------ SOURCE MATERIAL ------
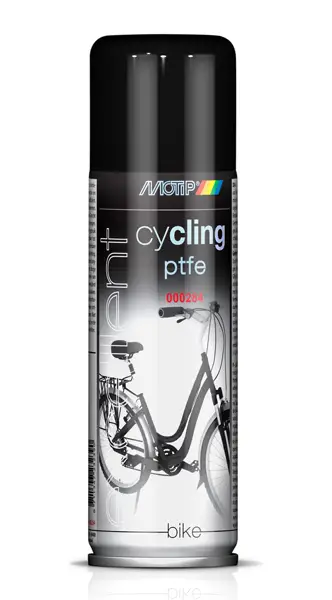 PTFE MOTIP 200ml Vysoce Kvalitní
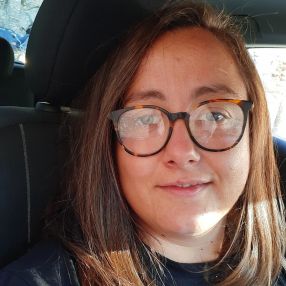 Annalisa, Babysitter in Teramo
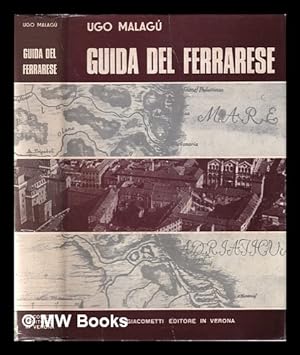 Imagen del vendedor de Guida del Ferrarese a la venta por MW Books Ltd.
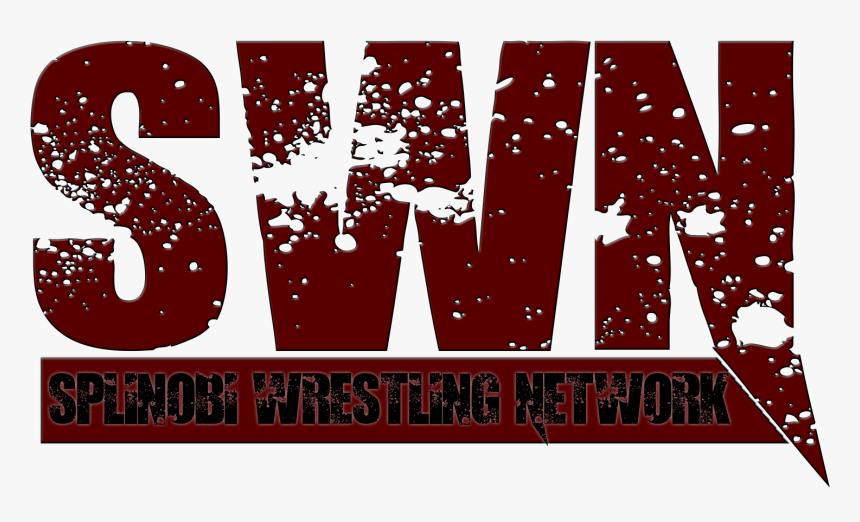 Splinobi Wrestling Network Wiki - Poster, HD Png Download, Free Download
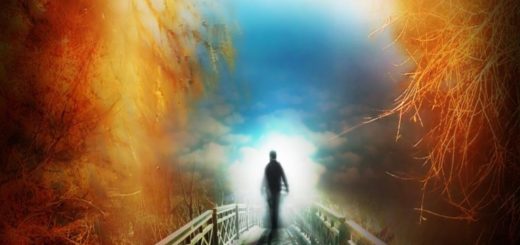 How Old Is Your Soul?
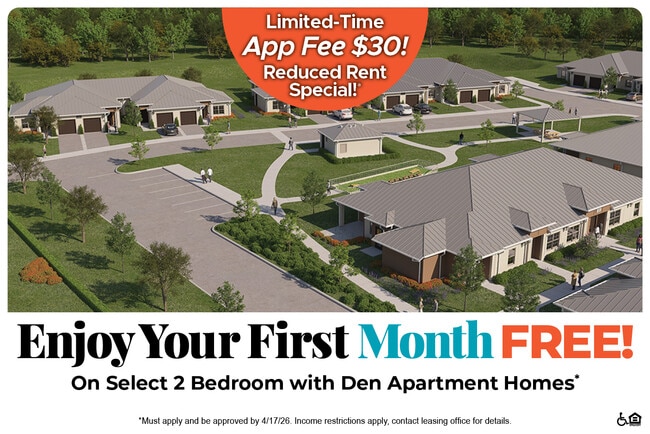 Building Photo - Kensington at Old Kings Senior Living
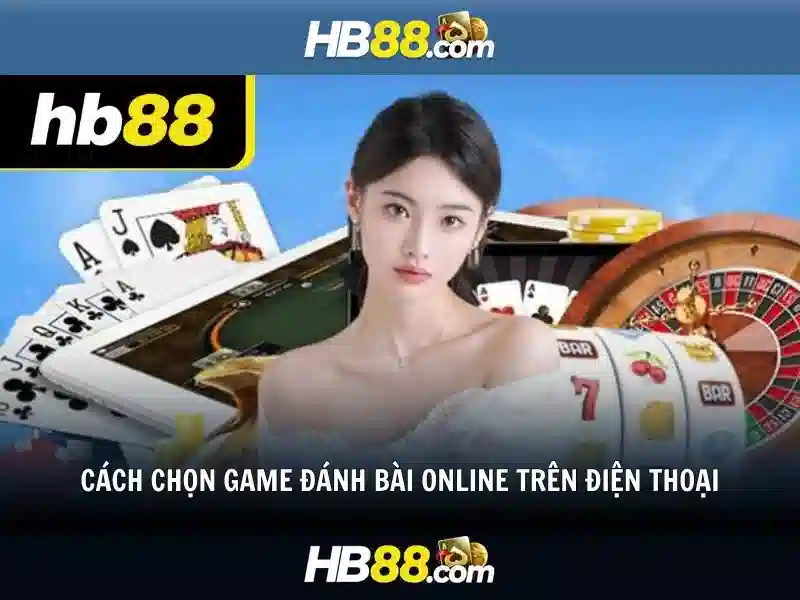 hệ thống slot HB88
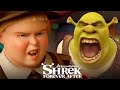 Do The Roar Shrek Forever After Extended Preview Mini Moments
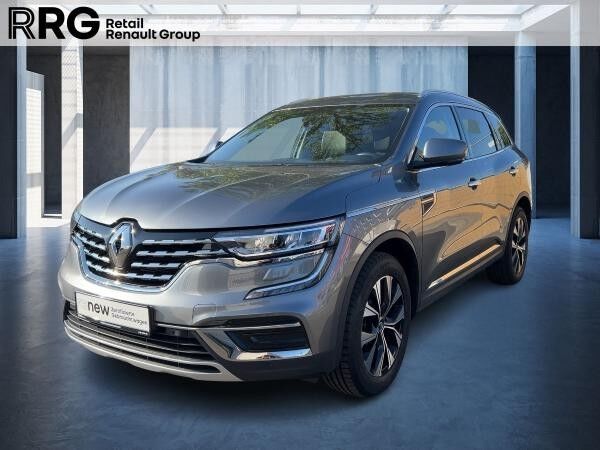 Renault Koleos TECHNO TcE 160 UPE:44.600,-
------
------ SOURCE MATERIAL ------
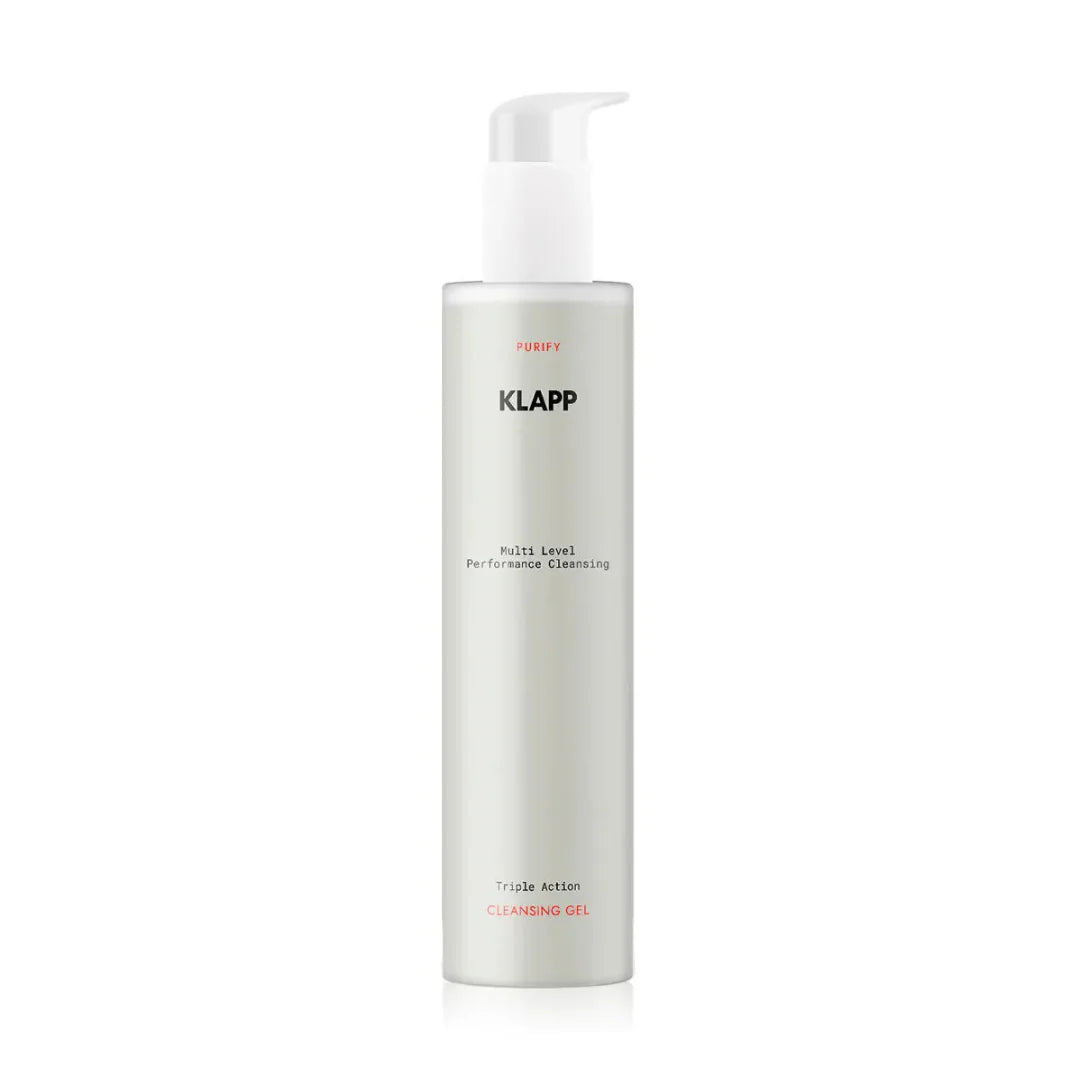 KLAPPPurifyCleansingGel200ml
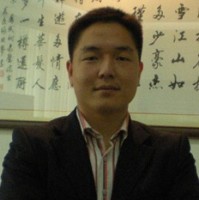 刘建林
------
------ SOURCE MATERIAL ------
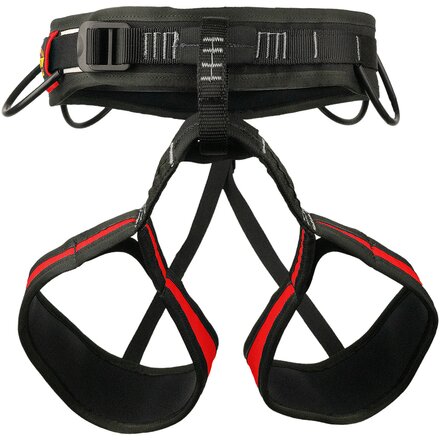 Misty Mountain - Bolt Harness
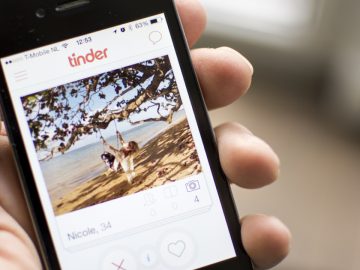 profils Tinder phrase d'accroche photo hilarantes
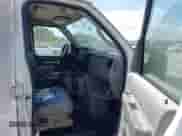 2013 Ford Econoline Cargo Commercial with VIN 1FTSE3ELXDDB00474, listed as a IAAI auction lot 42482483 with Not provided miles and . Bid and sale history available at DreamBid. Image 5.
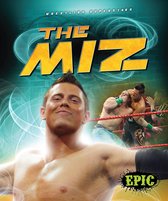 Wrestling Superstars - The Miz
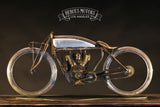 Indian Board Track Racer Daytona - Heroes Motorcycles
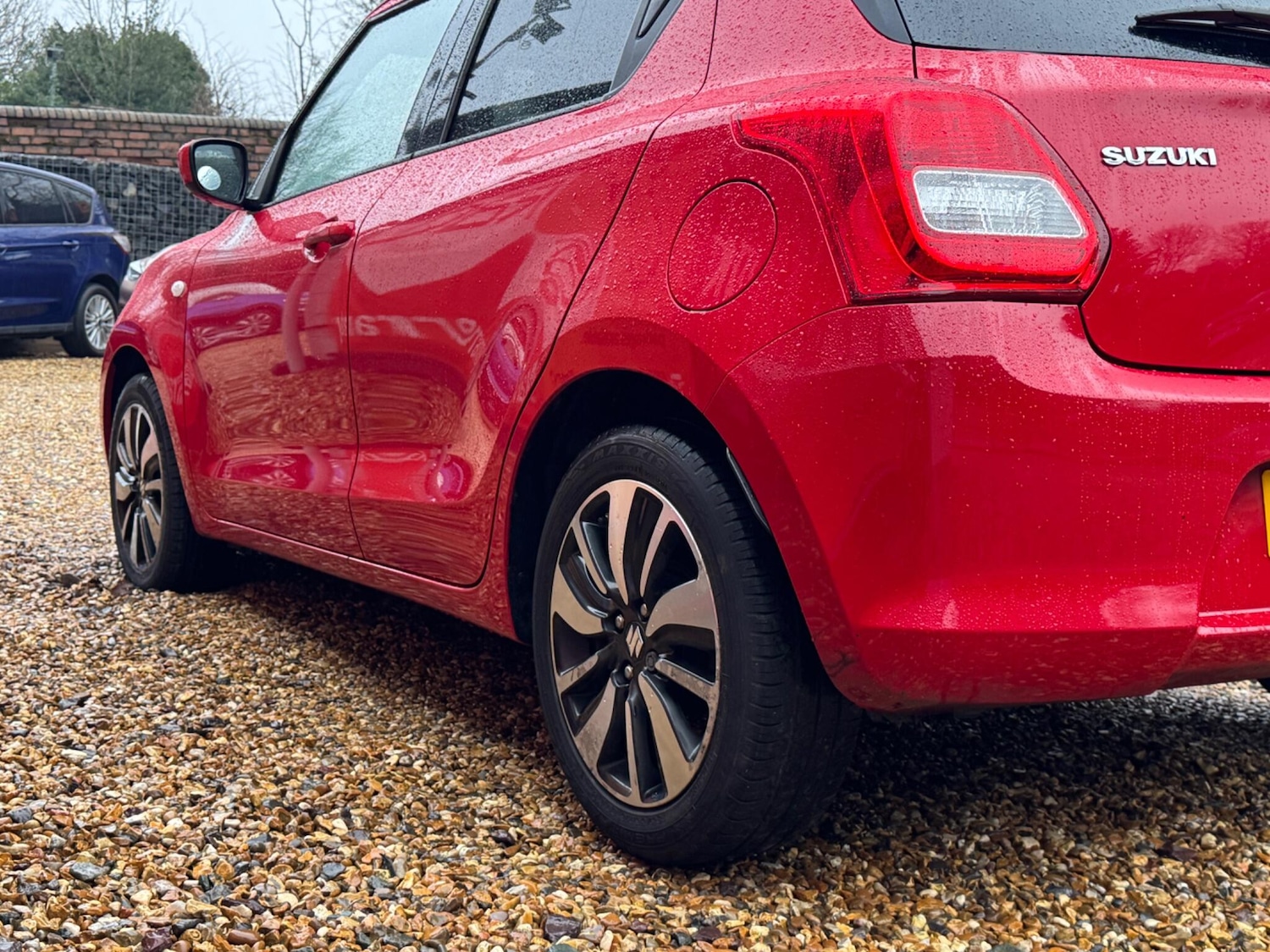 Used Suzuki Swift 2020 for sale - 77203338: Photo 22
------
Print, exactly and with no pictures, the lines of the listing above starting at the one that has "Building Photo - Kensington" and ending at the one that has "Renault Koleos TECHNO", both included.

 Building Photo - Kensington at Old Kings Senior Living
 hệ thống slot HB88
 Do The Roar Shrek Forever After Extended Preview Mini Moments
 Renault Koleos TECHNO TcE 160 UPE:44.600,-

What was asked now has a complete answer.